S E C R E T O
El 2 de abril de 1982 la Nación y el
mundo se enteraron sorpresivamente que las Fuerzas Armadas Argentinas
habían desembarcado en las Islas Malvinas y que nuestro Pabellón se
izaba en ellas, reafirmando nuestros derechos soberanos después de 150
años de usurpación por parte de Gran Bretaña.
Esta fecha quedará grabada en la historia:
LAS MALVINAS, QUE SON PARTE DE LA REPÚBLICA ARGENTINA, VOLVÍAN A SU
PATRIMONIO, aunque breve tiempo después, nuestro pabellón tuvo que ser
arriado, superado el esfuerzo por el enemigo.
Para resultar victoriosos en una confrontación
internacional, no sólo vale tener derechos, sino que también hacen falta
poder, buena conducción, organización y fuerzas bien adiestradas, equipadas
y aprovisionadas. La fuerza, empleada equivocada e inoportunamente,
no es el medio idóneo para hacer valer los derechos frente al adversario
y ante toda la comunidad internacional.
Es absolutamente necesario aclarar en
forma completa y veraz lo sucedido.

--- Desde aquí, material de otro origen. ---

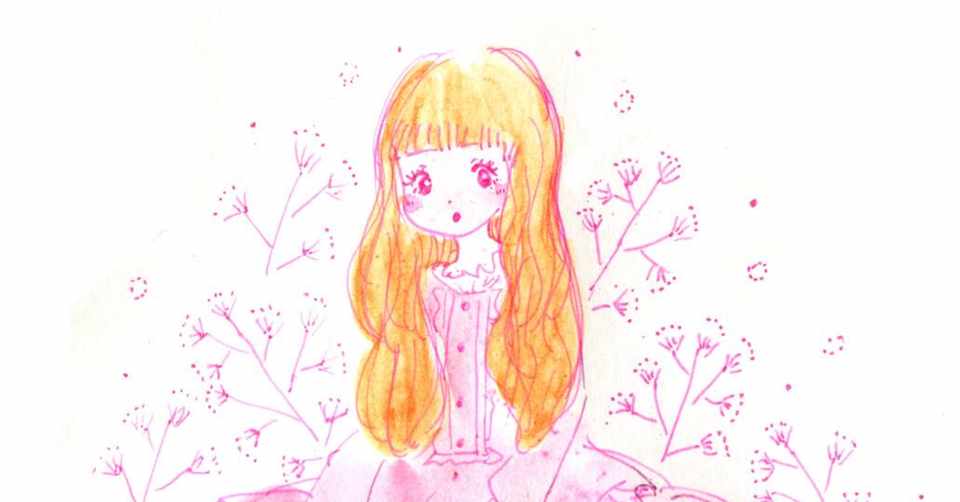 小花咲く女の子イラスト おちゃも イラストレーターお仕事募集中 Note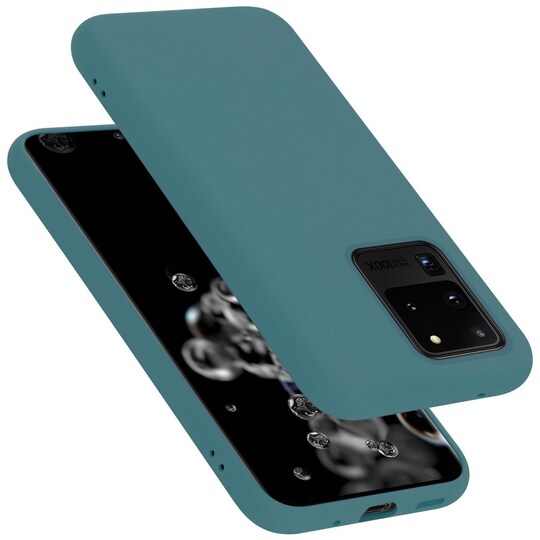 Samsung Galaxy S20 ULTRA silikondeksel case (grønn)
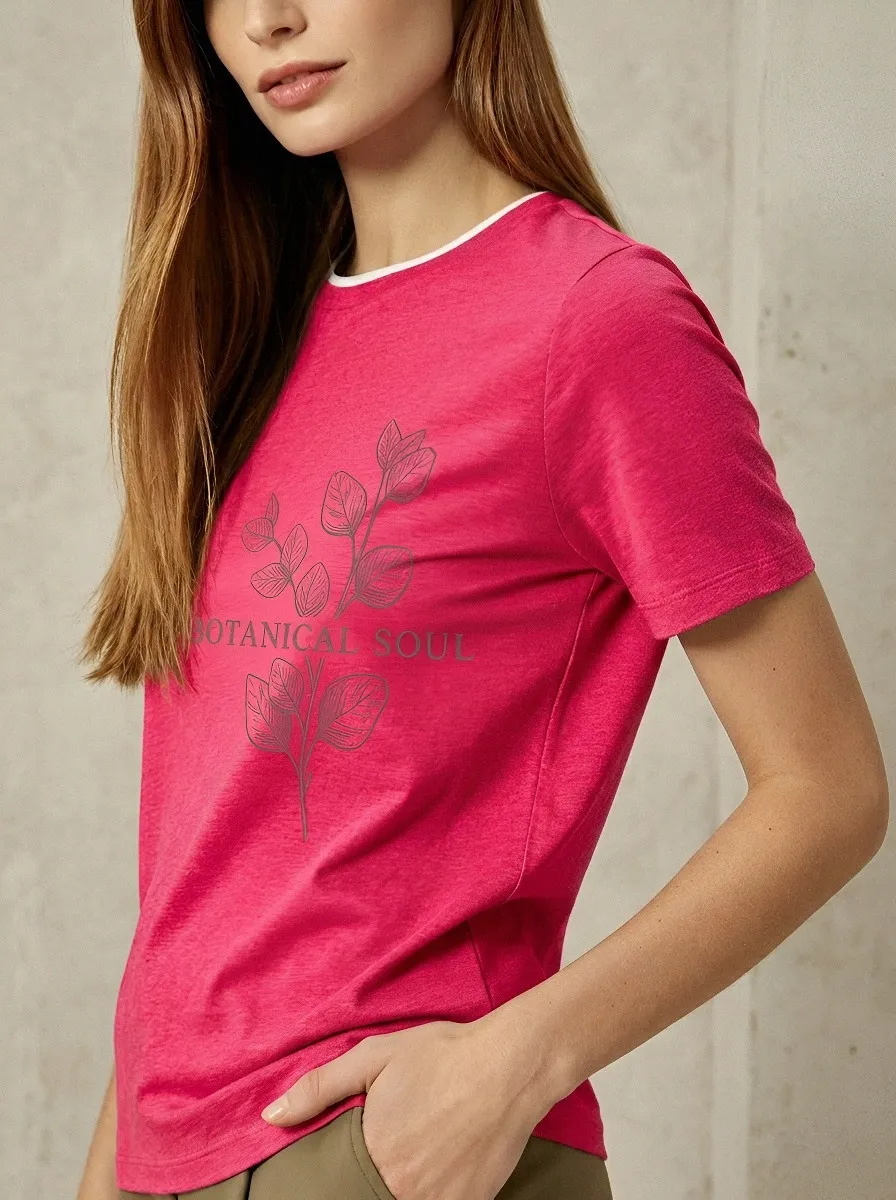 Botanical Soul Nature T-Shirt Casual
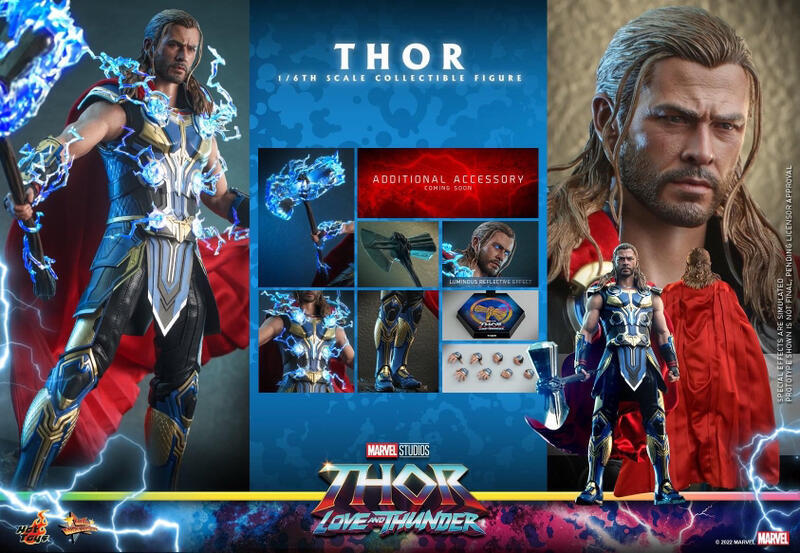 US Hot Toys Thor 1/6 Scale Thor: Love & Thunder MMS655 Marvel 2024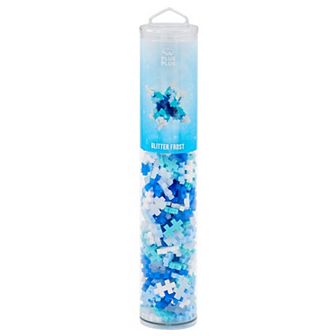 Plus-Plus Open Play Tube: 240 pc Glitter Frost Mix Set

Así lo exigen la soberanía nacional
agraviada, la dignidad de la República Argentina y el honor de sus Fuerzas
Armadas.
Esta Comisión decidió, en consecuencia,
actuar con profundidad y firmeza, evitando lo superficial y los detalles
intrascendentes que pudieran apartarla de los grandes interrogantes.
Ello obliga a considerar si realmente
los altos mandos de la Nación tomaron las decisiones adecuadas, si actuaron
como los conductores necesarios para un pueblo adulto en grave y crítica
situación y si tuvieron la sensatez requerida para elegir los caminos
idóneos a fin de alcanzar el objetivo final perseguido: LAS MALVINAS
ARGENTINAS.
Si ellos no apreciaron correctamente
las posibilidades del país, ni previeron las consecuencias ulteriores,
de muy poco han servido el entusiasmo nacional, el sacrificio de los
hombres que yacen en las Islas y en el fondo del mar, y el coraje de
los que supieron empuñar honrosamente sus armas en tierra, mar o aire.
La justicia deberá aplicarse con el
rigor que corresponda a quien hubiese procedido con negligencia o impericia,
tanto en lo político cuanto en lo militar, más aún cuando esto hubiese
ocurrido en ejercicio de las altas responsabilidades de gobierno. Es
obligación irrenunciable de esta Comisión contribuir a la reparación
y la satisfacción a la República por los graves perjuicios causados
a las vidas humanas y al patrimonio de la Nación, y por la honda frustración
ocasionada al espíritu patrio y a la unidad de los argentinos, mediante
la determinación de quienes pudiesen resultar responsables de no haber
cumplido los deberes correspondientes a sus investiduras.